§ Input data
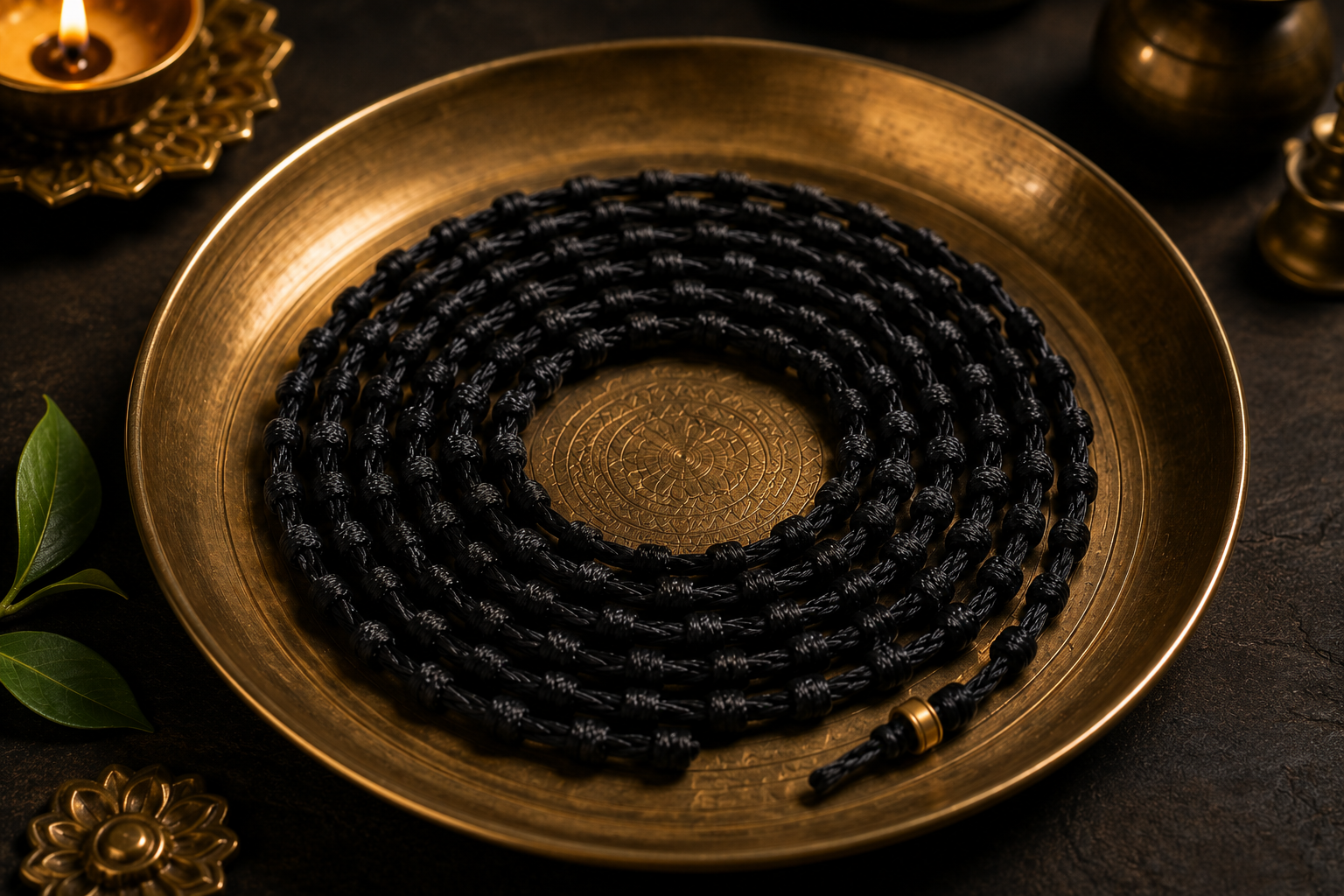 Prepared Mantra Thread on a ritual vessel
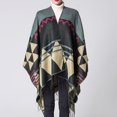 thumbnail image 2 of Las mujeres de punto mantón del poncho de imitación de la cachemira El modelo geométrico de la borla, 2 of 7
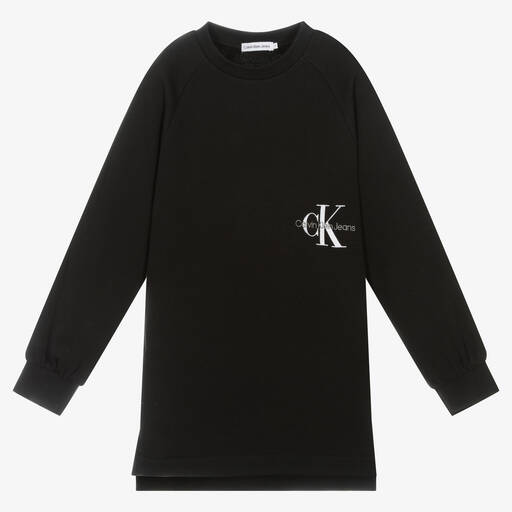 Calvin Klein Jeans-Teen Girls Black Sweatshirt Dress | Childrensalon Outlet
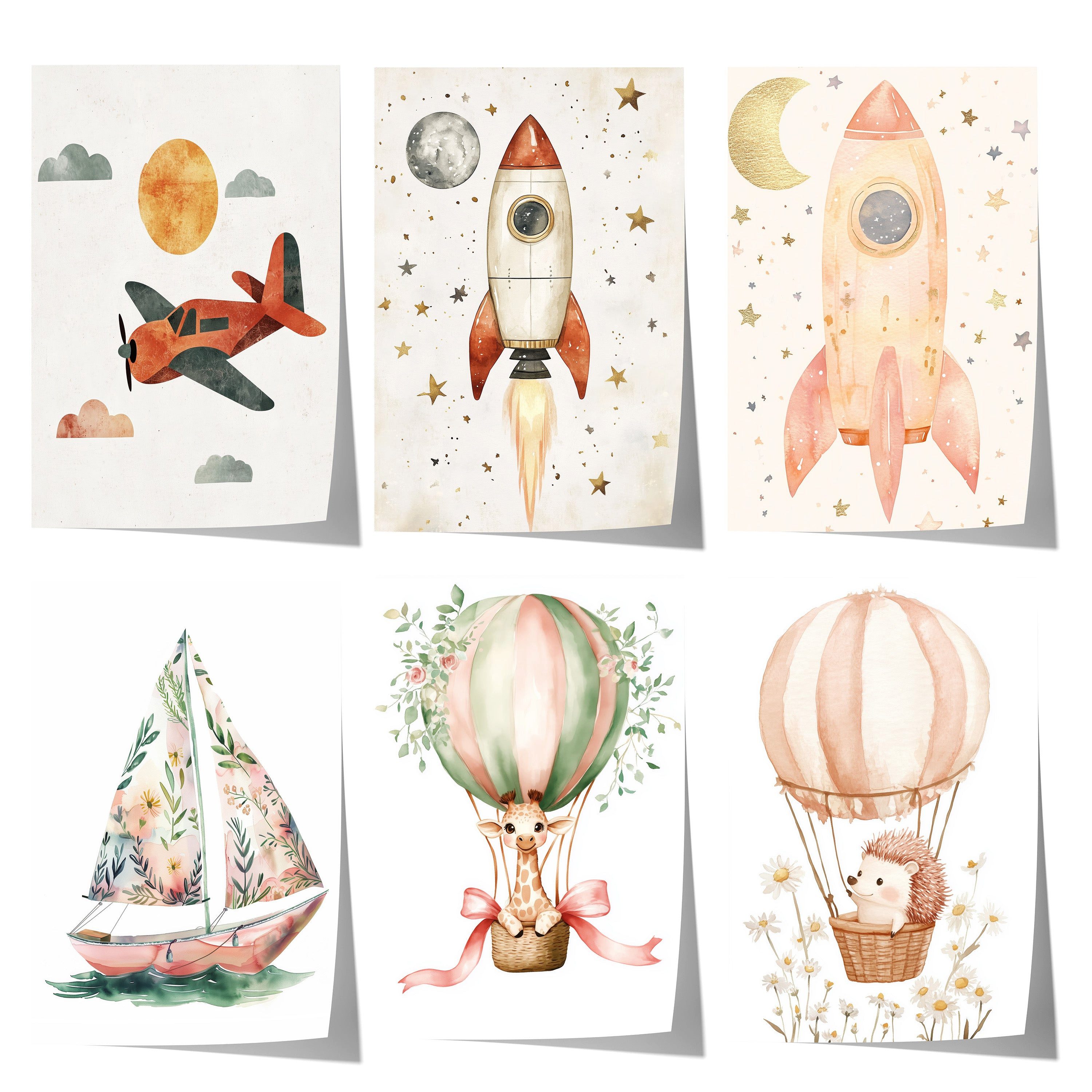 JUSTGOODMOOD Poster Abenteuer Kinder Geschenkidee Aquarell mit Rakete Heißluftballon und S, B (1 St)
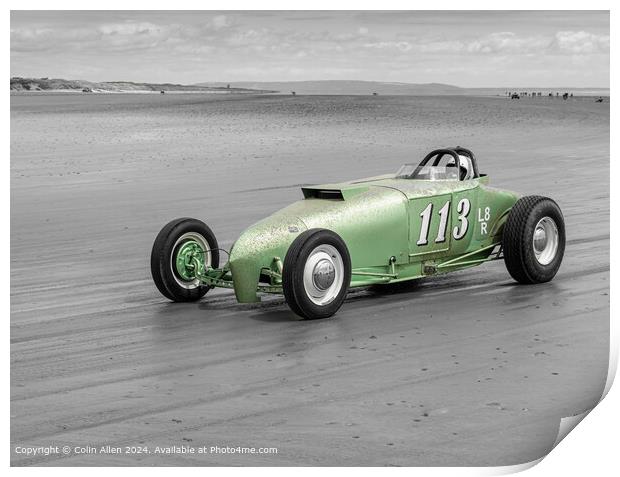 Hot Rod on the Beach at Pendine, Wales. Print by Colin Allen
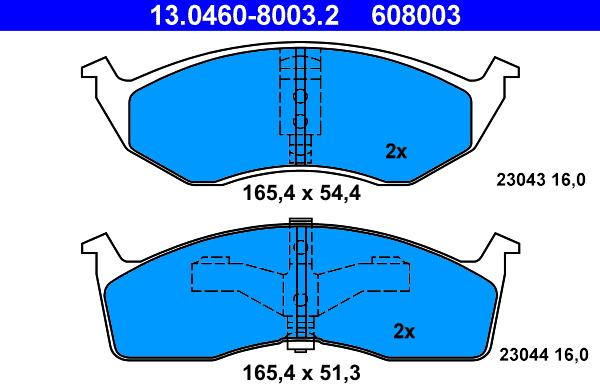 ATE 13.0460-8003.2 - Тормозные колодки, дисковые, комплект unicars.by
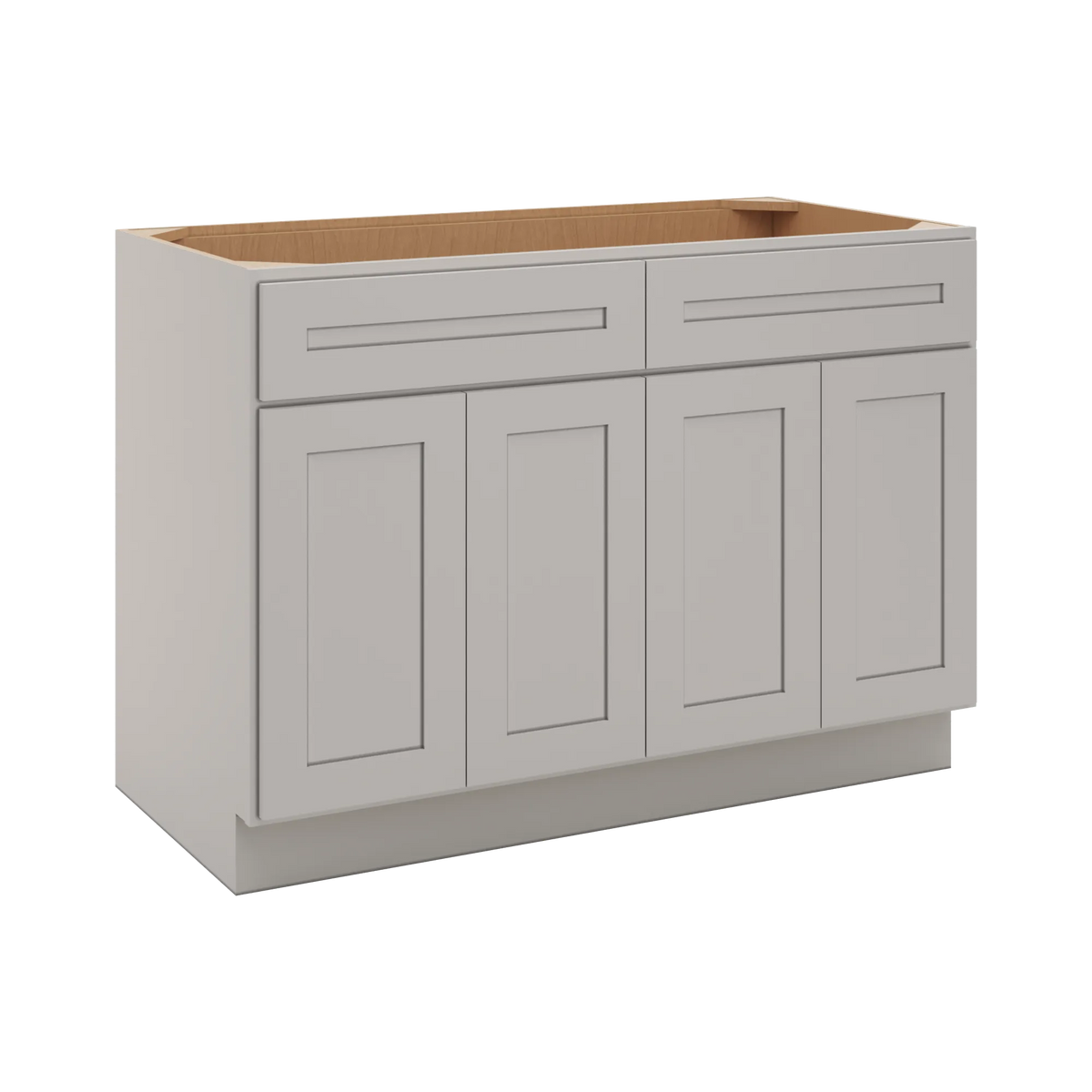 CNC Luxor 5-Piece Misty Grey 48" W 2 Drawer Four Door Sink Base Cabinet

§ Work item
Produce an exact copy of each line of data, skipping embedded images.

§ Result for this exercise
 Prepared Mantra Thread on a ritual vessel
 thumbnail image 2 of Las mujeres de punto mantón del poncho de imitación de la cachemira El modelo geométrico de la borla, 2 of 7
 Calvin Klein Jeans-Teen Girls Black Sweatshirt Dress | Childrensalon Outlet
 JUSTGOODMOOD Poster Abenteuer Kinder Geschenkidee Aquarell mit Rakete Heißluftballon und S, B (1 St)
 Hot Rod on the Beach at Pendine, Wales. Print by Colin Allen
 ATE 13.0460-8003.2 - Тормозные колодки, дисковые, комплект unicars.by
 CNC Luxor 5-Piece Misty Grey 48" W 2 Drawer Four Door Sink Base Cabinet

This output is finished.